Über die ja eigentlich für die Donau gedachte Pont Faidherbe geht es nach der endlosen, aber ab Thies sehr schönen Fahrt auf übrigens exzellenten Straßen Fahrt hinein in die alte Hauptstadt des Senegal und bis 1960 auch Mauretaniens. Das Hotel habe ich mir nach der Empfehlung des „Reise Know how Senegal“ selber ausgesucht, dort wird es als das beste Hotel von ganz Westafrika gelobt und besungen. Na ja, von außen macht es nicht gerade einen feudalen Eindruck. Die Rezeption mag ja noch gehen, aber das steile Treppenhaus ist mit einem so versifften Stoff anstelle eines Teppichs ausgelegt, dass man am liebsten gleich wieder umkehren möchte. Und was unser Autor als mit Antiquitäten ausgestattete Zimmer beschreibt, ist schlicht Sperrmüll. Nicht mehr und nicht weniger.
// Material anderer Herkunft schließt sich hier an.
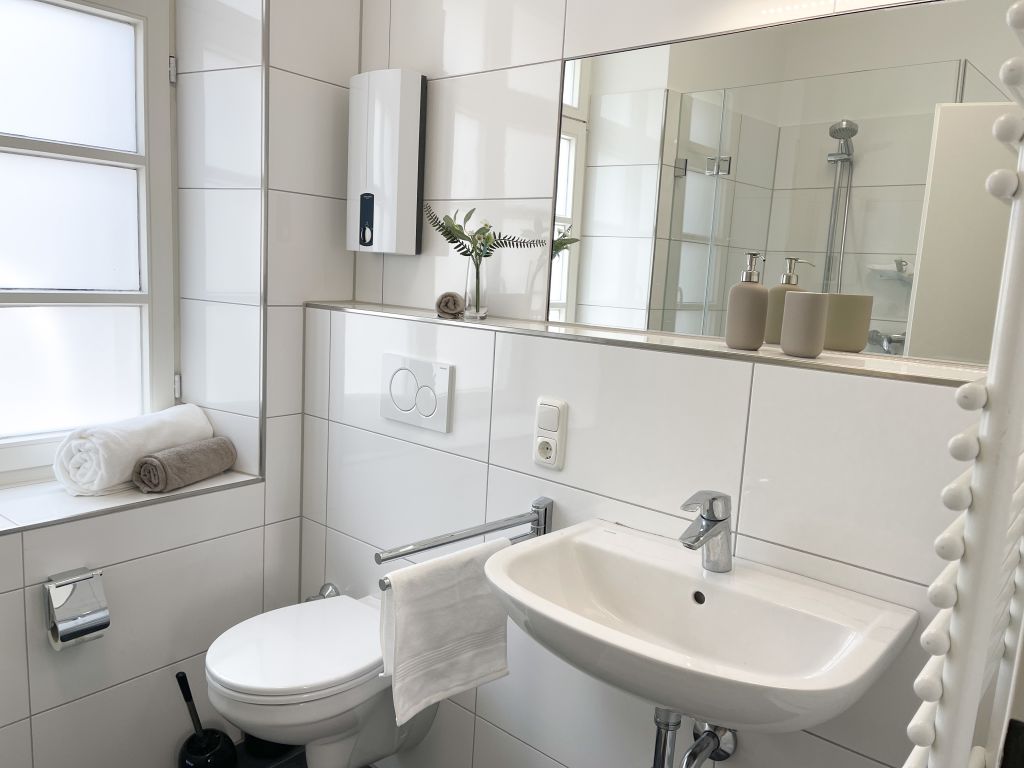 Rent 1 room apartment Stolberg | Entire place | Stolberg | Mondernes Apartment bei Aachen in Stolberg | Hominext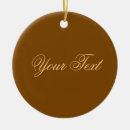 Search for brown christmas tree decorations Background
Nach dem absoluten Entsetzen über den Zustand einer Stadt, welches das Attribut Weltkulturerbe seit vielen Jahren tragen darf, kommt dann aber mit dem Anblick der endlosen bunten Holzpirogen an den Ufern des Senegalflusses dann doch noch der Moment der hellsten Begeisterung, trotz dem ganzen Dreck, den unsäglichen Müllansammlungen. Die Schönheit siegt wieder einmal über die Un- Ästhetik. Eine ganze Stadt versinkt im Dreck, aber an den Ufern ziehen sich die malerischsten Gondeln hin, welche ich je gesehen habe. Hunderte müssen es sein, bunt, grell, mit ihren Bugs auf den Strom gerichtet wir zum Angriff auf das Meer.
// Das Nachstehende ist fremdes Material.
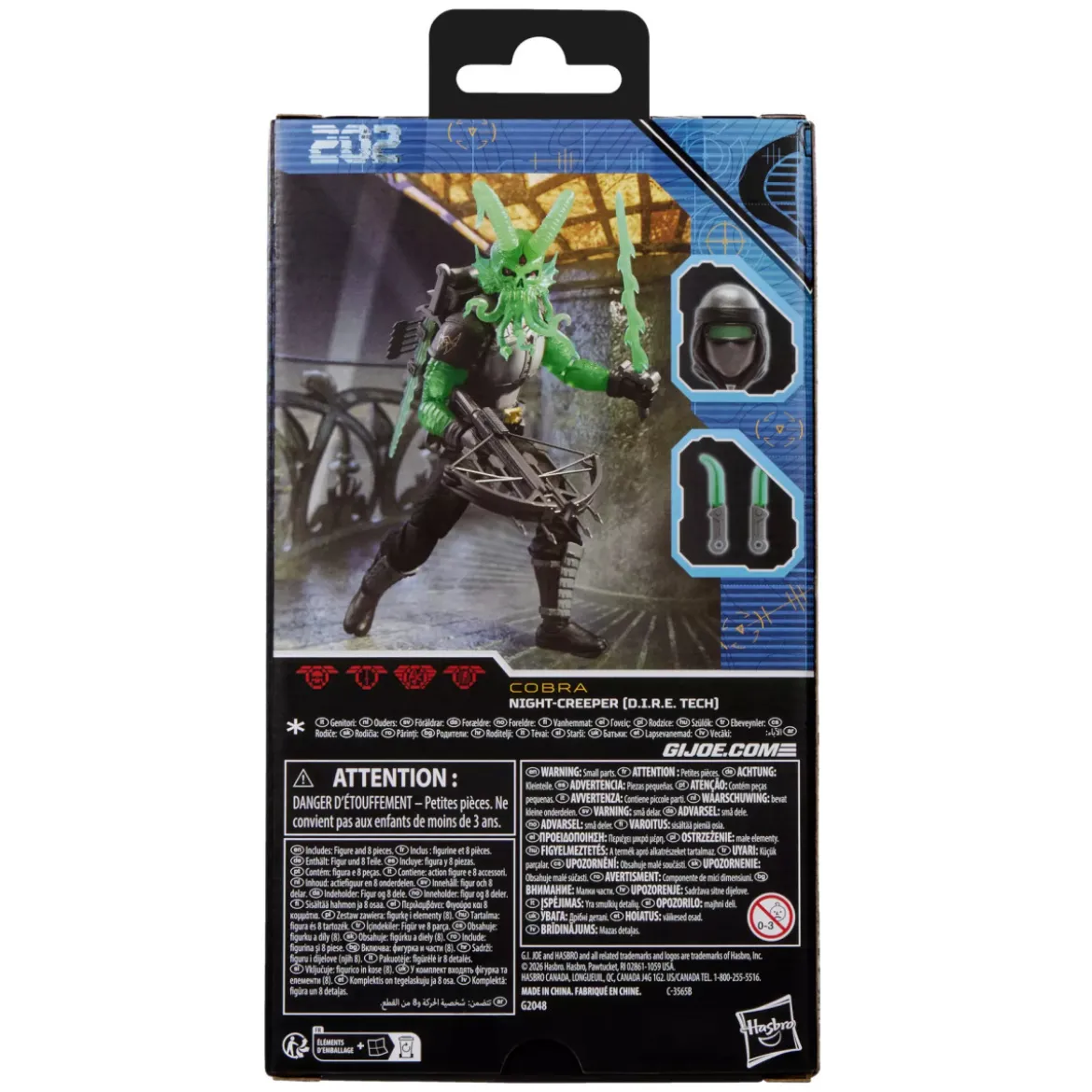 Hasbro G.I.JOE Classified Serie - Night-Creeper (D.I.R.E.Tech)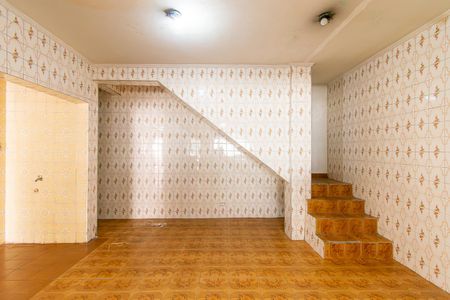 Sala de casa para alugar com 3 quartos, 105m² em Vila Antonieta, São Paulo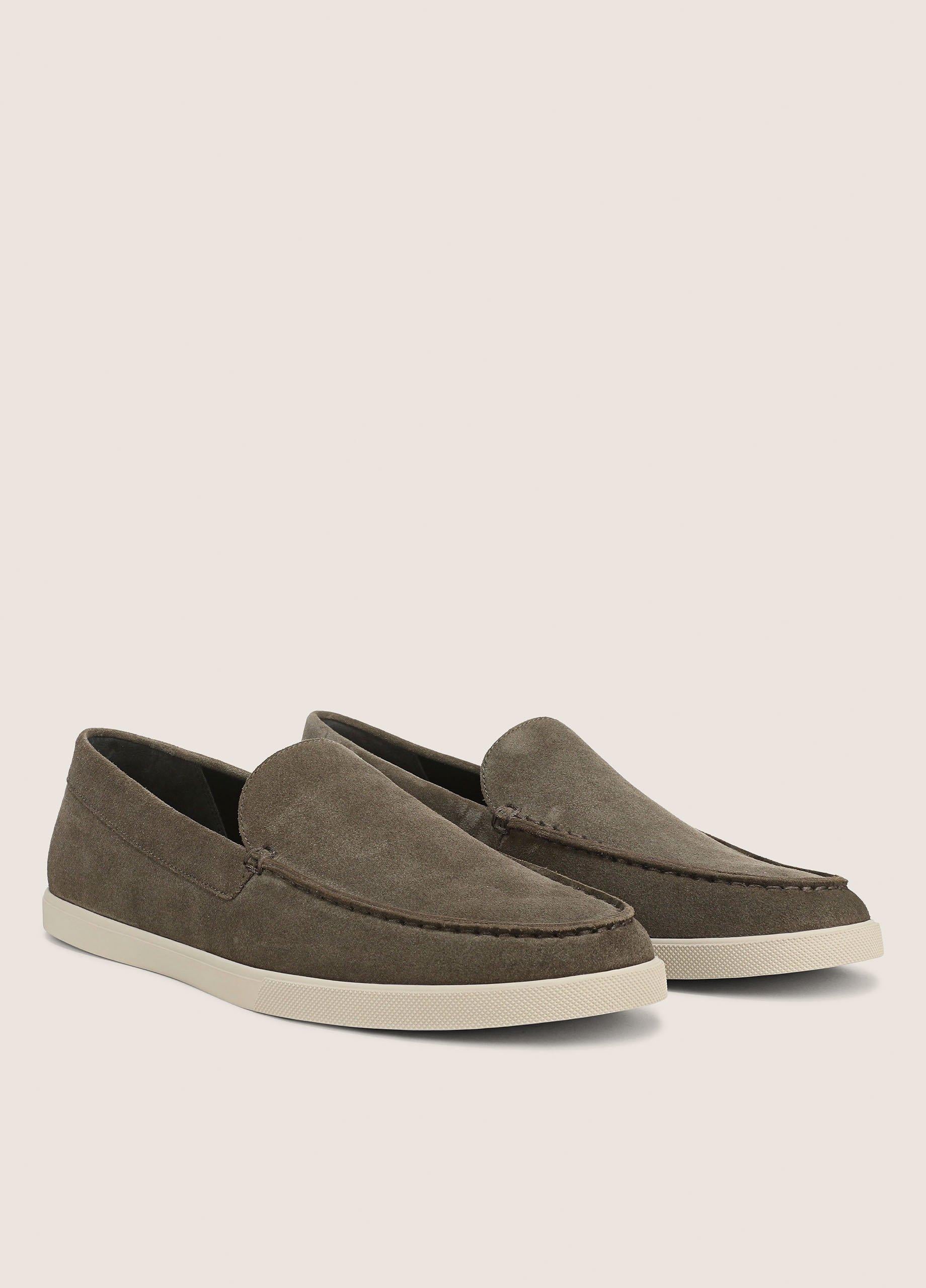 Vince Sonoma Suede Loafer - Shoes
Von zwei Brücken aus kann man das Geschehen ungestört beobachten. Kinder spielen im Wasser, haben sich ihr eigenen kleinen Zubringerfahrzeuge gebastelt, Matrosen in modernem Gummizeug ziehen Netze ein, im späten Licht des endenden Tages leuchten die Boote in den unglaublichsten Farben, Motive über Motive, eine Kulisse für einen Film der Superlative. Jeden Moment könnte das Flugzeug von Antoine des St. Exupery auftauchen, er muss diesen Hafen vor nahezu 70 Jahren in ähnlichem Zustand gesehen haben. Nie habe ich auch nur Bilder davon gesehen, nichts hat mich auf diese Schönheit vorbereitet, stattdessen hat man mir das malerische Wunder einer Stadt versprochen, welche nur dank dieser Schiffspracht überhaupt eine Chance hat, beachtet zu werden.
Wenn die Brücke über den Senegalfluss für die Donau gebaut wurde, nimmt es ja kein Wunder, dass mir im Nationalpark von Djoudji gleich das gesamte Donaudelta begegnet. Zweimal habe ich umsonst die tausende von Pelikanen im Delta des großen europäischen Stromes gesucht und nicht gefunden, hier aber habe ich sie nicht erwartet und ich werde überfallen von Hundertschaften dieser riesigen Vögel. Gleich an der Einstiegstelle tauchen sie in großen Gruppen ab, auf ein unsichtbares Kommando hin in die grauen Fluten, lassen ihre fedrigen Bürzel in den Himmel ragen um genauso plötzlich, wie sich abgetaucht sind, alle zusammen wieder aufzutauchen. Welch wunderbare Abwechslung nach den Städten der letzten Tages.